Uno sviluppo nato in Cina nel 2003 grazie all’invenzione della prima e-cig da parte di Ho Lik, un farmacista il cui padre era morto di cancro ai polmoni, ma i cui albori risalgono a molto tempo prima all’interno dei dipartimenti di Ricerca e Sviluppo delle grandi multinazionali, già impegnate dagli inizi degli anni ’90 a trovare alternative meno rischiose alle sigarette. Curiosando in rete, infatti, si scopre che tecnologie che miravano a riscaldare il tabacco erano già state lanciate negli anni Novanta dalla R.J. Reynolds Tobacco, con un prodotto chiamato «Eclipse», e da Philip Morris International. Tecnologie che però, nonostante gli sforzi, non riuscirono a sfondare.

Oggi la situazione è completamente diversa. E se Philip Morris grazie a investimenti superiori ai 3 miliardi di dollari è già pronta, dopo IQOS, a lanciare altre tre tipologie di prodotto sia a tabacco riscaldato che e-cig, le big del tabacco non stanno a guardare. Proprio in Giappone, dove maggiore è il successo di IQOS, la British American Tobacco ha lanciato il proprio riscaldatore di tabacco chiamato “glo”, e la Japan Tobacco ha iniziato a commercializzare Ploom TECH, un sistema basato su un dispositivo elettronico con capsule di tabacco (in sostanza, le capsule di tabacco sono inserite nel dispositivo che genera vapore, il quale passa attraverso la capsula stessa).

La competizione chiaramente non riguarda solo i riscaldatori, ma anche le sigarette elettroniche. Prodotti diversi commercializzati e lanciati in giro per il mondo alla ricerca della quota di mercato necessaria, come dichiarato da André Calantzopoulos, CEO di PMI, a smettere di produrre sigarette. Una ventata di innovazione tecnologica non da poco in un settore rimasto sostanzialmente identico a se stesso per secoli. Un’innovazione che parla anche italiano sia in termini di design, per quanto riguarda le sigarette elettroniche, sia dal punto di vista produttivo. Italiani, infatti, sono molti dei liquidi utilizzati nelle sigarette elettroniche e italiano è lo stick di tabacco utilizzato in IQOS. PMI ha infatti investito quasi un miliardo di euro in uno stabilimento nuovo di zecca vicino a Bologna, dove oggi gli oltre 600 lavoratori realizzano la quasi totalità degli stick esportati e venduti nel mondo.

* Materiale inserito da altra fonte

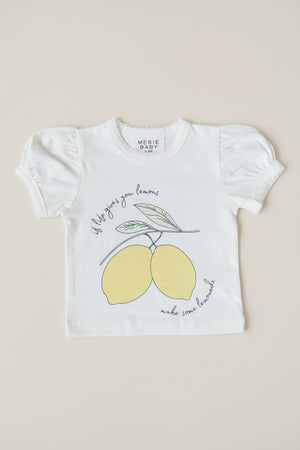 White cotton short-sleeve t-shirt featuring a playful lemon graphic and text that reads, If life gives you lemons, make some lemonade. Ideal for young girls, combining charm and comfort.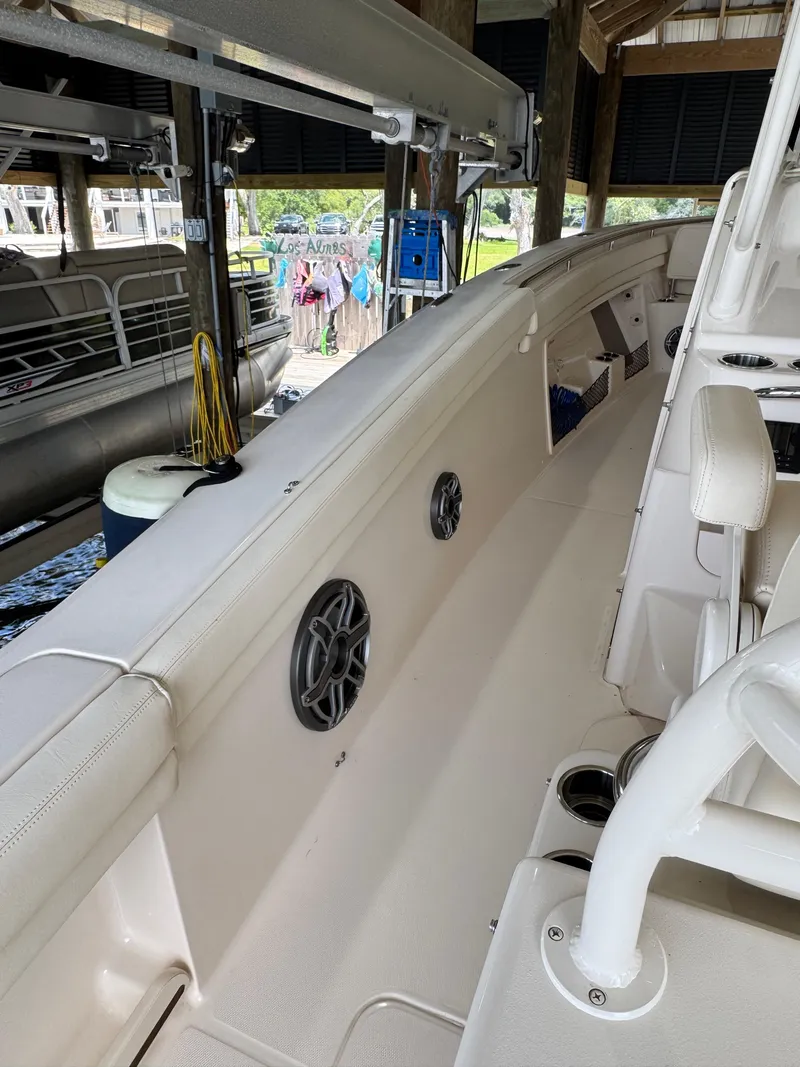 Slide: The Image of 2023 Grady-White Canyon 376 boat interior with seating and speakers in a dock setting. - 5
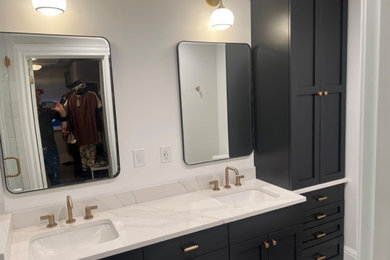 Example of a mid-sized arts and crafts master double-sink bathroom design in Seattle with shaker cabinets, black cabinets, an undermount sink, white countertops and a built-in vanity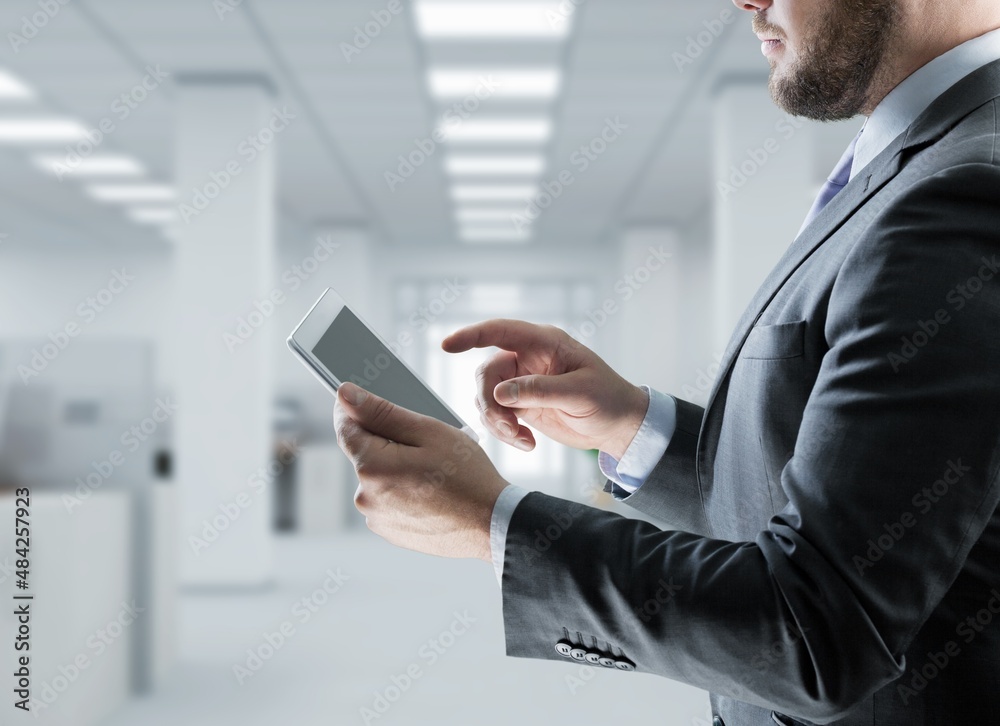 Young marketing business manager expert standing in modern corporate office using digital tablet Young marketing business manager expert standing in modern corporate office using digital tablet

Sul fronte dei liquidi per e-cig, invece, si è distinta in questi anni la Flavourart, l’azienda italiana di Massimiliano Mancini, Presidente di ANAFE-Confindustria. Nata come produttrice di aromi alimentari, ha saputo cogliere con tempismo l’opportunità del nascente mercato del fumo elettronico e, nel 2009, è stata la prima azienda europea a proporre liquidi da inalazione prodotti “in casa” e non provenienti dalla Cina. Questo gli ha permesso di ottenere in pochi anni un’ampia visibilità non solo in Europa ma in tutto il mondo, contribuendo a rafforzare il vaping Made in Italy, sinonimo di prodotto di eccellenza.

Se chiaramente i benefici sulla salute rappresentano il presupposto fondamentale di questi nuovi tipi di prodotti, non si può non guardare con interesse a un nuovo settore industriale che nelle intenzioni di tutti dovrà soddisfare la domanda di oltre un miliardo di fumatori in tutto il mondo. L’Italia, questa volta, può giocare un ruolo.